Records:
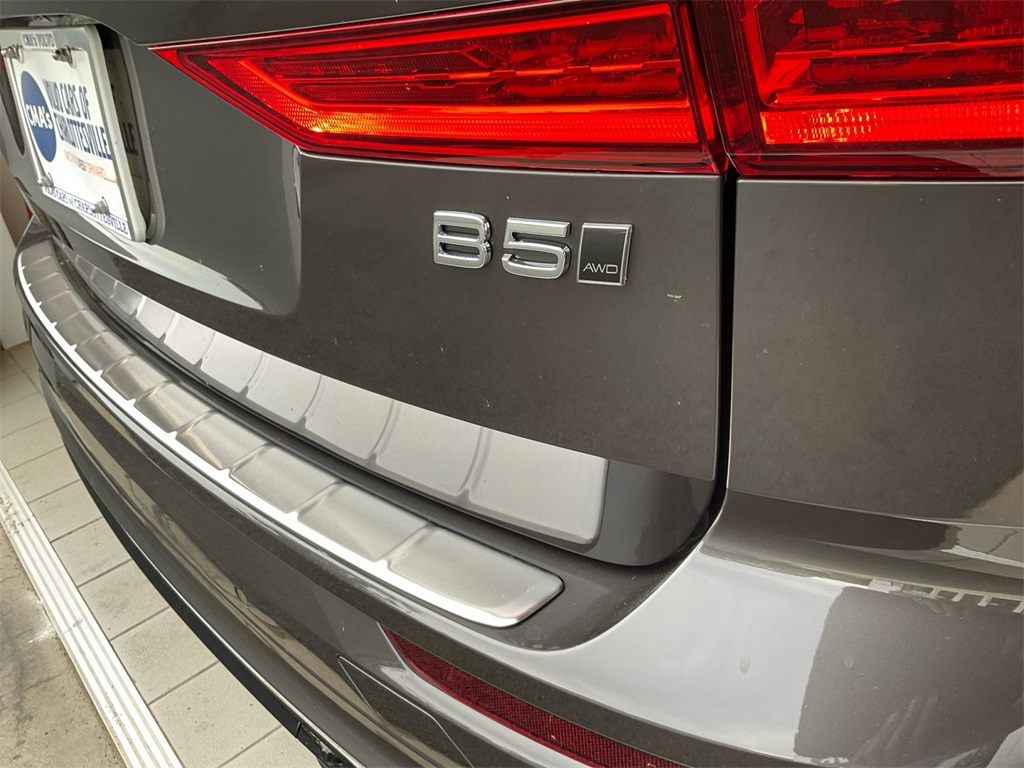 2025 Volvo XC60 B5 Plus photo 15
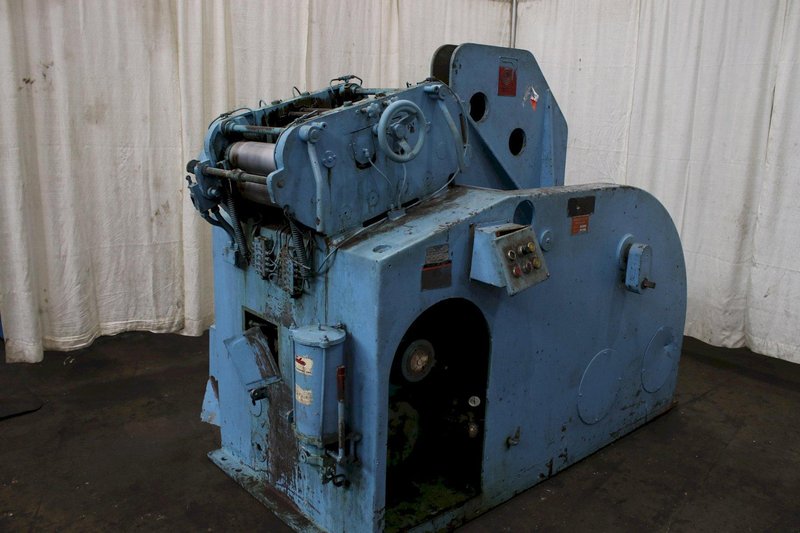AUTOMATIC FEED CRADLE &amp; STRAIGHTENER: STOCK #76366
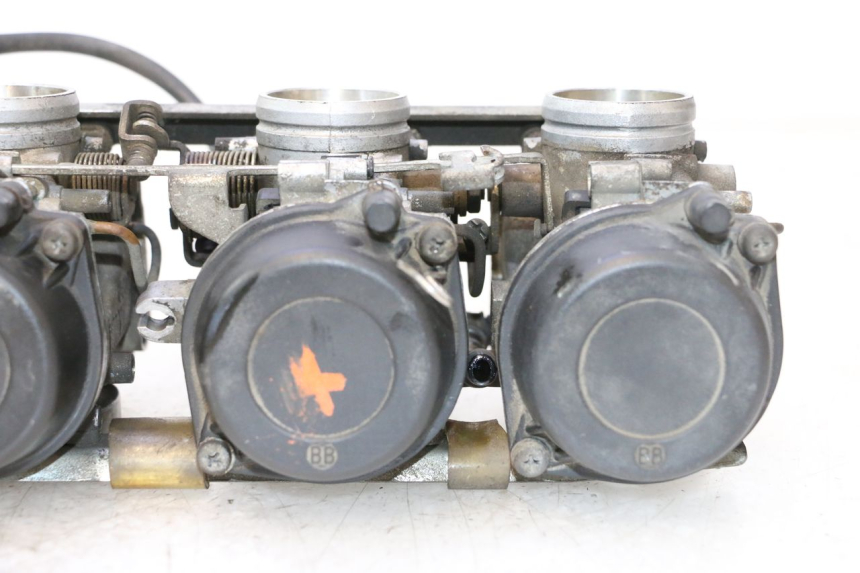 photo de CARBURADOR SUZUKI GSX F GSXF 750 (1988 - 1998) - Pontos de fixação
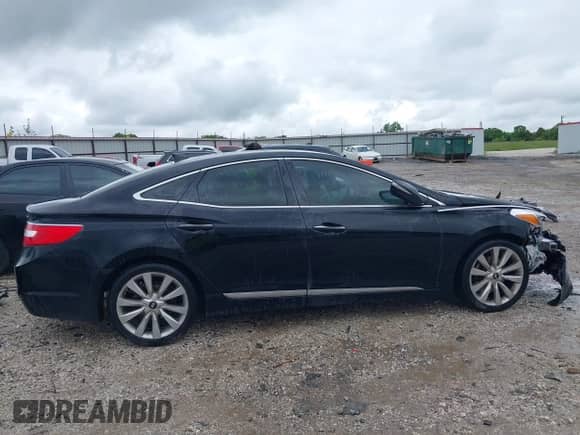 2017 Hyundai Azera Limited с VIN KMHFH4JG8HA583506, выставлен на аукционе IAAI как лот 42200722 с пробегом 88 489 миль миль и . История ставок и продаж доступна на DreamBid. Изображение 14.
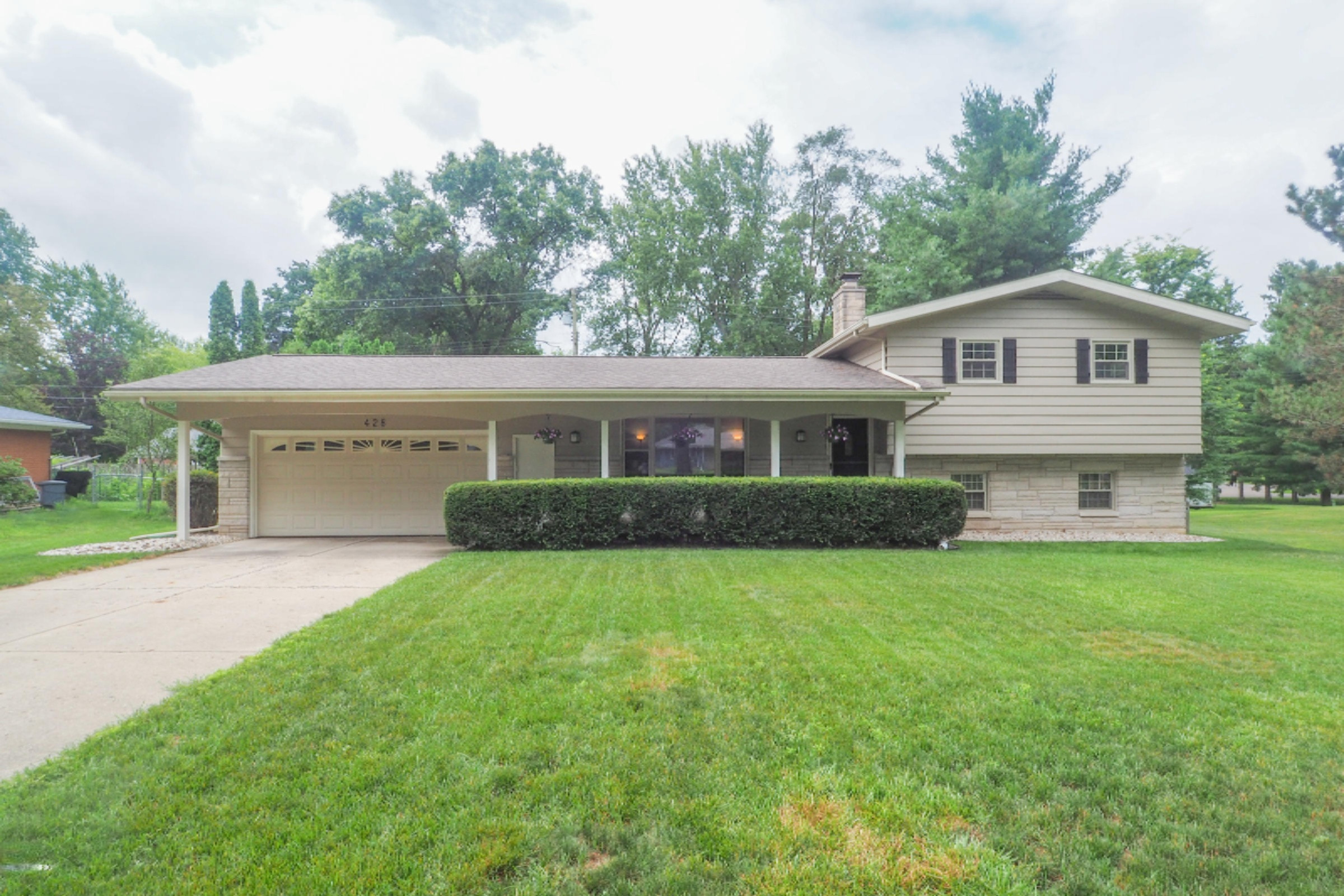 428 East Minges Road Battle Creek, MI 49015 - Photo 1 of 30 428 Minges-100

Problem requirements: No pictures should appear in the copy, and each record above is to be returned exactly.

Expected output:
 2025 Volvo XC60 B5 Plus photo 15
AUTOMATIC FEED CRADLE &amp; STRAIGHTENER: STOCK #76366
 photo de CARBURADOR SUZUKI GSX F GSXF 750 (1988 - 1998) - Pontos de fixação
 2017 Hyundai Azera Limited с VIN KMHFH4JG8HA583506, выставлен на аукционе IAAI как лот 42200722 с пробегом 88 489 миль миль и . История ставок и продаж доступна на DreamBid. Изображение 14.
 428 East Minges Road Battle Creek, MI 49015 - Photo 1 of 30 428 Minges-100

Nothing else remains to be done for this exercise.